Unemployment and Youth Unemployment: Discussion

2:20 pm

Mr. Robert Strauss:

I thank the members for the questions. Deputy Lyons asked what I thought of Professor Mitchell's ideas. My Commissioner is certainly interested in them. Deputy Lyons probably saw him in the room, and he was responsible for Professor Mitchell attending.

The idea of offering everybody who wants it a job provided by the state is essentially what Professor Mitchell is saying. He states people should not be unemployed and if they cannot find a job in the normal sector, the state should provide it. He gave many examples of work that needs to be done in communities, local authorities, etc.

These are interesting ideas. The ideas that people should not be distanced from the labour market, and that it would be much more useful if they are productive rather than unproductive, are very interesting. However, there are some provisos. It has been tried in India and, perhaps, South Africa. Their labour markets and economic situations are very different from Europe. In saying it has worked in practice, it has worked in India where there is massive underemployment in rural areas and it is a different sort of problem from what Europe faces.

The idea of youth guarantees was mentioned by the Chairman and Deputy Tóibín. The Commissioner has long advocated a youth guarantee so that all young people within, let us say, four months of leaving education would either be in employment or offered training or education. The Finns have recently instigated such a guarantee. It seems to be working in Finland but, of course, the Finnish economy was not hit so hard by the crisis. In a country such as Spain, for example, it may be a real challenge to get all the young people who are not working into another programme. Frankly, one sees every reason for training, conversion or something, but there is no point in doing training only for the sake of it. It must be useful, proper training. It is a real challenge for public employment services or others to make the youth guarantee useable, but we certainly favour it. The Commissioner has long said so. In some countries, such as Finland, it works.

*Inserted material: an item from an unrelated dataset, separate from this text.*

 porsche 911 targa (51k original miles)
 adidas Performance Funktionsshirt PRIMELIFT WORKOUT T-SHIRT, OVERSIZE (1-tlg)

Another term for job retention is short-time working. I agree that Germany, and also the Netherlands and Belgium, used it in the first phase of the crisis. The Commission and the OECD do not always agree but we did on this. The Commission stated this was an important element in allowing these countries to weather the crisis to keep a workforce well in touch with jobs. When recovery happened in those countries, companies had the workforce readily available. The problem is if the scheme is extended for many years. Then it becomes an expensive scheme, both for the companies and for the state. A little like my answer as to whether Professor Mitchell's idea is a good one, it has elements that can work but one of the dangers of short-time working schemes or job retention schemes that go on too long is that one can stop the economy adjusting. Economies need to adjust. Some companies cannot go on for ever. The car sector was one of the major users of short-time working schemes. That is fine if the car sector picks up again, but various persons suggest that overcapacity in the automotive sector in Europe is quite high. Does one really want to pour money into preserving jobs in a sector that has overcapacity? It is tricky to know which jobs one needs to support. If one could guarantee that in 12 or 18 months demand would pick up again, then it is excellent but it is not always easy to get it right.

There was a question about whether money from Structural Funds goes to those countries where unemployment is high.

Unemployment rates are not one of the official criteria for divvying out the funds at the beginning of the seven year period. The official criteria are based on wealth in terms of GDP compared with the European average, so the poorest regions and countries of Europe get most per head. However, interestingly, most of those countries which have been most severely hit by the crisis were already poorer than the European average, so Greece and Portugal were already big recipients of European Structural Funds and at least have Structural Funds to offset some of the problems of the fiscal consolidation measures they are currently applying.

Ireland was in the middle. It had done rather well at the end of the decade before last, and so was probably getting slightly less proportionately, but it is at least a beneficiary of ESF money. Germany is rich, does not need the money, does not have unemployment and, therefore, gets very little money. Perhaps coincidentally or fortuitously, most of those countries which have severe unemployment problems now, including Spain, actually get a lot of regional or social fund money.